JuliaCon 2026

Symbolic post-hoc analysis with SolePostHoc.jl
2026-08-13 , Room 2

Symbolic learning is a branch of machine learning focused on building classifiers that can be translated into logical rules, making them far more readable than neural networks or other statistical models. While training a symbolic model is a necessary first step, it is the post-processing stage that yields the most relevant insights. We present a live walkthrough of SolePostHoc.jl, a SOLE package dedicated to post-processing, allowing for rule extraction, boosting and model simplification.


Symbolic learning studies algorithms that produce models expressible as logical rules. Common examples include decision trees and random forests, whose predictions can be traced back to human-readable conditions on the input data. This interpretability makes symbolic models particularly valuable in domains where understanding why a model makes a decision matters as much as the decision itself.

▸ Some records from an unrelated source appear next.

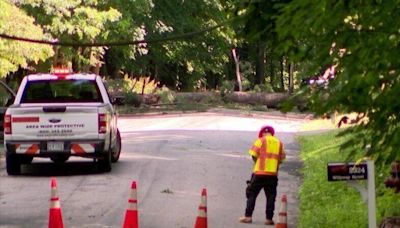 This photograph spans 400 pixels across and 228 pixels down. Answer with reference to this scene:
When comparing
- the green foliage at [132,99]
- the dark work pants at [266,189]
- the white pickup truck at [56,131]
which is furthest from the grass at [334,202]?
the green foliage at [132,99]

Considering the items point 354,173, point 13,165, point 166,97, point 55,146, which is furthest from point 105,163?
point 166,97

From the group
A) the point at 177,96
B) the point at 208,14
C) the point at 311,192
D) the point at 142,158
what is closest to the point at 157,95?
the point at 177,96

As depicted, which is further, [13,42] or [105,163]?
[13,42]

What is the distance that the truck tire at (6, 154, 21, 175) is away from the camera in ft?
59.5

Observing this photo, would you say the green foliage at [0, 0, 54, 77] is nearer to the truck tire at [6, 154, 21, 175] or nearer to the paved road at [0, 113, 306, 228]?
the paved road at [0, 113, 306, 228]

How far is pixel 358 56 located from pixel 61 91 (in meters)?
13.6

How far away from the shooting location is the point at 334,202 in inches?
578

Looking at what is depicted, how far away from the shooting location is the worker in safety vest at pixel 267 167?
12.9 m

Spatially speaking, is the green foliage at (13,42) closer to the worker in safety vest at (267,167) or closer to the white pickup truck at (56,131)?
the white pickup truck at (56,131)

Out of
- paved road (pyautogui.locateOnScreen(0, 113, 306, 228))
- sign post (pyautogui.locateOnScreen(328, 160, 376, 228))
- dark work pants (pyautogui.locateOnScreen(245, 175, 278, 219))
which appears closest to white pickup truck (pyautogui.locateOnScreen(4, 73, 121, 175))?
paved road (pyautogui.locateOnScreen(0, 113, 306, 228))

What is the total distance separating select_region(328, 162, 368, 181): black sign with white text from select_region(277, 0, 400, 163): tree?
7.34 feet

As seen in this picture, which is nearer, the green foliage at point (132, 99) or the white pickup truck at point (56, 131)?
the white pickup truck at point (56, 131)

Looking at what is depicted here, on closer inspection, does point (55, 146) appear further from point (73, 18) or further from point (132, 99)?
point (132, 99)

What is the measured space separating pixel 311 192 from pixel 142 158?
21.6 feet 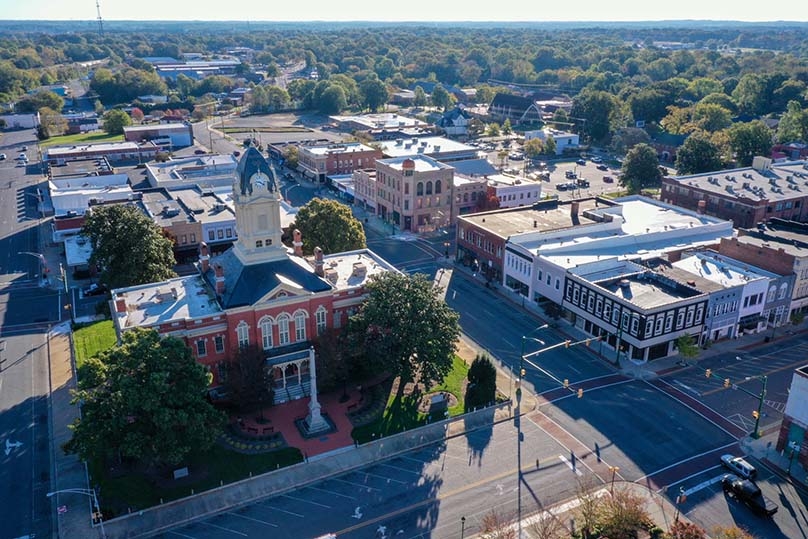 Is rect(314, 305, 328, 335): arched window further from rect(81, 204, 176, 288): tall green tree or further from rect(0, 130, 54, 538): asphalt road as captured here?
rect(0, 130, 54, 538): asphalt road

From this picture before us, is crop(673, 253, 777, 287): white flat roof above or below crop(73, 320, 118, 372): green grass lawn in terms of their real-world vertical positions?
above

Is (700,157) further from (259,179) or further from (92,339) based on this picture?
(92,339)

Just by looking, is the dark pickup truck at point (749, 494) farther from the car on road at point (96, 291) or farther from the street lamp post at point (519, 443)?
the car on road at point (96, 291)

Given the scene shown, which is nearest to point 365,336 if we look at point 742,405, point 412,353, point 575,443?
point 412,353

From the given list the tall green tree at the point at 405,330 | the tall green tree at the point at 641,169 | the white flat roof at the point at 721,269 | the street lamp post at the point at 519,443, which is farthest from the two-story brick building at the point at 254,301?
the tall green tree at the point at 641,169

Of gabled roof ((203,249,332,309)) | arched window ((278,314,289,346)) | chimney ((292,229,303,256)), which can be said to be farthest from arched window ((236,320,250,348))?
chimney ((292,229,303,256))

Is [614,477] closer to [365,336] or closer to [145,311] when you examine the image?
[365,336] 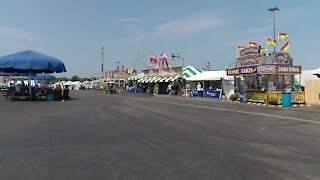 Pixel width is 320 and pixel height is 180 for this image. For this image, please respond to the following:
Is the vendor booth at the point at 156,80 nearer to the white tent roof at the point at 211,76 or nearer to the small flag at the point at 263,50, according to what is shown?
the white tent roof at the point at 211,76

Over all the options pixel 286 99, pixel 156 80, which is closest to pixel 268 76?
pixel 286 99

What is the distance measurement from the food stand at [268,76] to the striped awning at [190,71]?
54.1 ft

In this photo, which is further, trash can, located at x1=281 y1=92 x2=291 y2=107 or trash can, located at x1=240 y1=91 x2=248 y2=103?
trash can, located at x1=240 y1=91 x2=248 y2=103

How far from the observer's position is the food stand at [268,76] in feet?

This session is structured as a hands-on demo on the SolePostHoc.jl package, which serves as the post-hoc analysis layer of the SOLE ecosystem. Starting from training a decision tree on a real dataset, we walk through what SolePostHoc.jl allows from that point onward:

  • Rule extraction: deriving explicit logical rules from a symbolic model through a uniform interface, supporting multiple extraction algorithms;
  • Rule simplification and manipulation: collapsing redundant or overlapping rules into more succinct, equally expressive theories; for instance, reducing IF A AND B THEN C; IF A AND NOT B THEN C to the simpler (but equivalent) IF A THEN C;
  • Surrogate methods and knowledge distillation: approximating more complex models with interpretable surrogates, transferring knowledge into transparent representations;
  • Model boosting and certification: enhancing model capabilities boosting performance on a specified metric or ensuring the satisfiability of a desired feature or constraint.

Arguably, post-hoc analysis is the stage where symbolic learning delivers on its core promise: turning a trained model into usable, understandable knowledge. SolePostHoc.jl aims to give this stage the attention it deserves, providing a reliable and extensible toolkit for anyone interested in interpretability and explainability, from newcomers to experts looking for a fully customizable system.

Hi, my name is Marco Perrotta. I'm a master student in computer science at the University of Ferrara, where I also work as a collaborator at the Applied Computational Logic and Artificial Intelligence Lab. My main interest is how technology can be used to understand and study language.